Biopolitics, Learning and Insurgency

To establish this argument, we need to introduce a new theoretical vocabulary into our discussion: the Foucaultian discourse of “biopolitics”. In a series of groundbreaking studies through the late 1970s, Foucault associated the rise of the modern administrative state with the development of a new mode of power over life: “biopower”. Unlike the sovereign power that preceded it, which assumed a transcendent relation to subjects, wielding power by taking life or letting live, biopower engages life from the inside, infiltrating bodies, their capacities, habits, affects and dispositions, through innumerable disciplinary practices and micropolitical controls. The biopolitical strategy is to ‘incite, reinforce, control, monitor, optimise, and organise the forces under it: [biopower] is a power bent on generating forces, making them grow, and ordering them’ (Foucault, 1990: 136). Instead of taking life, biopower places it in an organised system, fosters, nurtures and exploits it.

Foucault’s concept of the relationship between power and life in modern societies casts the politics of capitalist production in a new light. In particular, the biopolitical perspective disrupts the historical necessity of the “working class”. The proletariat did not spring fully formed from relations of production – they are the product of disciplinary-biopolitical relations that are presupposed by the capitalist apparatus. Works such as Discipline and Punish (1991) analyse the technical and institutional means by which the proletariat qua productive subjectivity has been produced. To create productive subjectivities, Foucault claims,

an operation is necessary, or a complex series of operations, by which men are effectively…bound to the production apparatus for which they labour…. A web of microscopic, capillary political power had to be established at the level of man’s very existence, attaching men to the productive apparatus, while making them into agents of production, into workers. (Foucault, 2000b: 86)

This same rule applies to contemporary learning organisations.

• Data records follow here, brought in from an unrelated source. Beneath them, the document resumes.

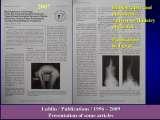 New Fundamental Knowledge on Scoliosis. SCIENCE versus OPINION / LECTURE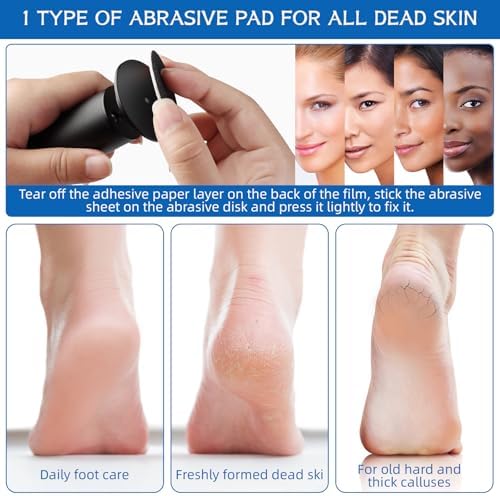 Dermave Electric Foot Callus Remover, Electric Callus Remover Feet, Callus Remover for Feet - Foot Filer with 60pcs Sanding Discs for Dead Cracked Skin, Men/Women (Black)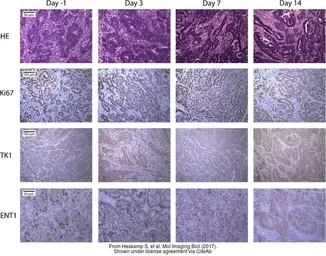 Anti-Thymidine Kinase 1 antibody used in IHC (Paraffin sections) (IHC-P). GTX113281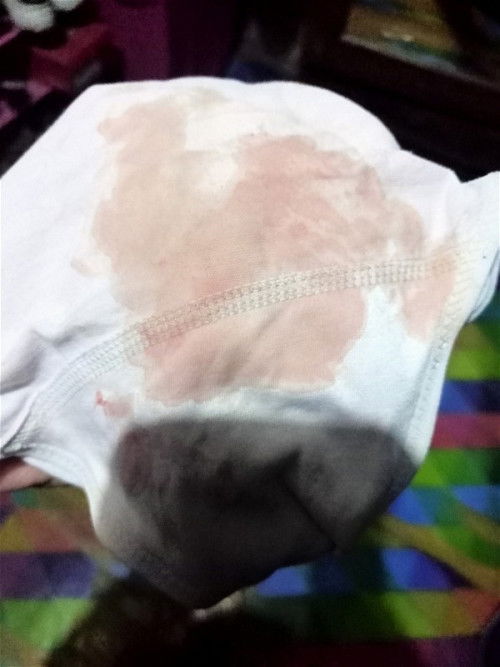 Keluar darah Warna pink di usia 11 week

Construed in a Foucaultian light, the mechanisms and techniques that we have discussed in Section 2 can be seen as biopolitical controls – a ‘complex series of operations’ that serve to bind individuals to the productive apparatus, that foster, optimise and organise those elements of human life required for flexible network production. Through the standardisation of specific elements of life (values, ends, ethos), biopolitical controls produce specific forms of identity and normalised types. To isolate this biopolitical regime (together with its human product), we call the whole operation a regime of “major” biopolitical control. In contemporary learning organisations, regimes of major biopolitical control create functional and motivated workers dedicated to productive activities. Since these activities centrally involve teamwork and fluid communications, it is particularly important that the major regime fosters the somatic-affective conditions necessary for the collective production of knowledge.

How does the concept of major biopolitical control shine new light on the paradox of control? To answer this question, we must consider the specific affective register of this paradox. The paradox of control is experienced by workers as an abiding tension between the “rules of the game” (implicit in the values, ends and ethos of the corporate culture) and the overarching exigency of creativity. Viewed relative to the logic of the major biopolitical regime, this tension appears as a surplus, a problematic remainder. Viewed as part of the overall economy of the corporate biopolitical system, however, it is seen as an origin – a dynamic source of energy with huge implications for organisational politics and culture. It is from out of this tension, this surplus, that genuine moments of collective innovation arise. Through the construction of autonomous, proactive, sociable bodies in a context that confounds the genuine expression of creativity, major biopolitical control produces an incorporeal fabric of insurgent energies and desires, thereby nurturing the emergence of minor biopolitical planes that self-organise, innovate and produce.

Up to now, we have conceived of workers as normalised individuals. Workers are normalised as individuals through a regime of major biopolitical control. At this point, we need to shift focus from the individuation to the “dividuation” of workers. It is by becoming-dividual that workers comprise minor biopolitical planes of collective activity. Deleuze was first to associate processes of dividuation with societies of control (Deleuze, 1995: 179-180). We understand his argument as an extension of the theory of “minoritarianism” that he developed in his work with Guattari. Our distinction between major and minor biopolitics corresponds to Deleuze and Guattari’s distinction between “majoritarian” and “minoritarian” forms of life. For Deleuze and Guattari, a majoritarian, or major, form of life comprises a type or standard by which all other forms of life are evaluated (Deleuze and Guattari, 1988: 105). In opposition to major norms, Deleuze and Guattari affirm processes of “becoming-minoritarian”, involving subliminal flows of mass intelligence and desire that rend us from major norms and carry us away on “lines of flight” (see Deleuze and Guattari, 1988: 105-106, 291-293).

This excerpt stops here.